When you create a compiler, you can specify something like db="foo.db|foo.cfacts"
, and Tensorlog will use the serialized version foo.db
if it exists, and otherwise parse the data in foo.cfacts
and cache it into foo.db
for later.
TensorLog's interactions with the data are a little complicated, because tlog.db
is just one version of the database, defined as a bunch of sparse matrices. You can load these in serialized form, or write them back out. Some of the database relations are marked as parameters, so Tensorflow will update them during training; however, for various reasons, Tensorflow's updates are done on local copies of these relations, not the relations themselves. So if you want to save something you've learned as a serialized database, the proper incantations are:
tlog.set_all_db_params_to_learned_values(session) tlog.serialize_db(directory_name)

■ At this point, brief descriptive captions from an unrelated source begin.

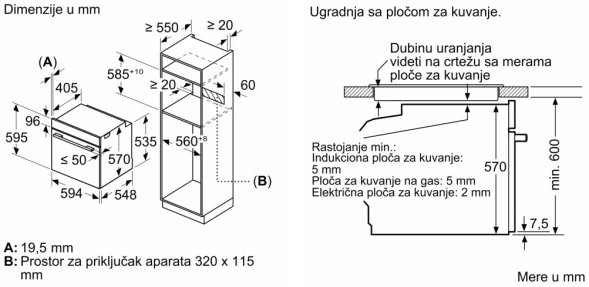Духовой шкаф Электрический Bosch HBG536EB3 черный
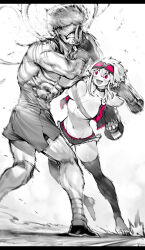 1boy 1girl absurdres bouncing_breasts breasts happy highres motion_blur muscular muscular_male niwarhythm punching short_hair short_shorts shorts teeth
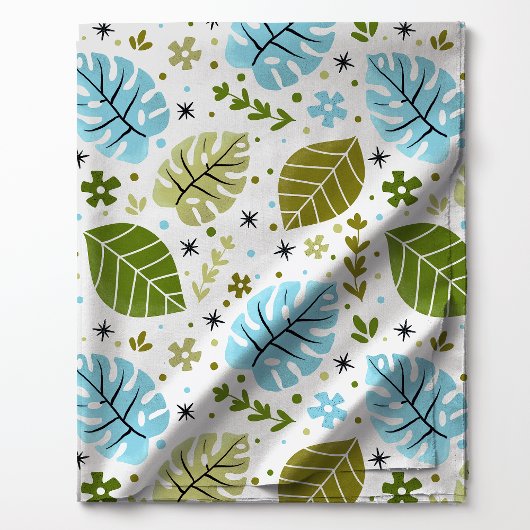 Blaues tropisches Monstera-Leaf-Muster Stoff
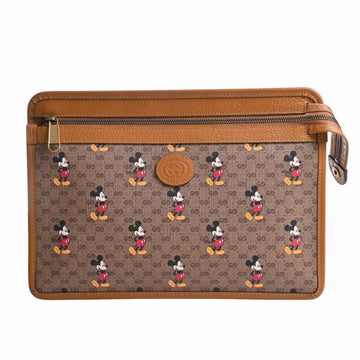 GUCCI Micro GG Supreme Clutch Bag Disney Collaboration Mickey Mouse Beige Brown PVC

If it's necessary to save things to a stream instead, it's a little more complicated. Instead of a directory, you need to set up two streams, one to hold schema information, and one to hold the actual data. (The schema stream schema_fp
will be accessed by the method schema_fp.write(line_of_text)
and the data stream will be passed along to scipy.io.savemat
.) You can open the streams and incant
tlog.db.serializeDataTo(data_stream) tlog.db.schema.serializeTo(schema_fp)
The tlog.db.serializeDataTo
takes a keyword argument: filter="fixed"
will save just non-trainable relations, and filter="params"
just the trainable ones. The default is to save everything.
Tensorlog in native mode uses all sparse matrices. Tensorflow can only handle sparse matrices in limited ways, so some of the data is stored in dense form, which uses more storage: roughly speaking, the inputs and outputs to inference functions are dense, and the matrices that make up the relations stay sparse. (Note that it's ok to have a sparse matrix be a learnable parameter.) Typically the inputs will be 1-one vectors that indicate a particular database entities, and the outputs will be distributions over database entities.
There are two tricks to make the dense storage more practical. The first trick is using minibatches to convert a set of examples (in sparse format) into dense format (for Tensorflow) a little at a time, rather than all at once. There's an example of this in Tensorlog/datasets/wikimovies/demo.py but the basic idea is below:
train_data = tlog.load_big_dataset('mydata.exam') for i in range(epochs): for mode,(x,y) in tlog.minibatches(train_data,batch_size=128): train_batch_fd = {tlog.input_placeholder_name(mode):x, tlog.target_output_placeholder_name(mode):y} session.run(train_step, feed_dict=train_batch_fd)
The second trick is to set up your program and database to use types, as described in the database docs. Then the input/output vectors will be distributions over database entities of some particular type, which means that they are shorter. To type relations, you need to insert type declarations in the .cfacts
which defines it. If you type anything, you need to type everything. This includes the predicate that is associated with your training and test examples (path
in the example from the last section), but not intermediate predicates that your rules might define.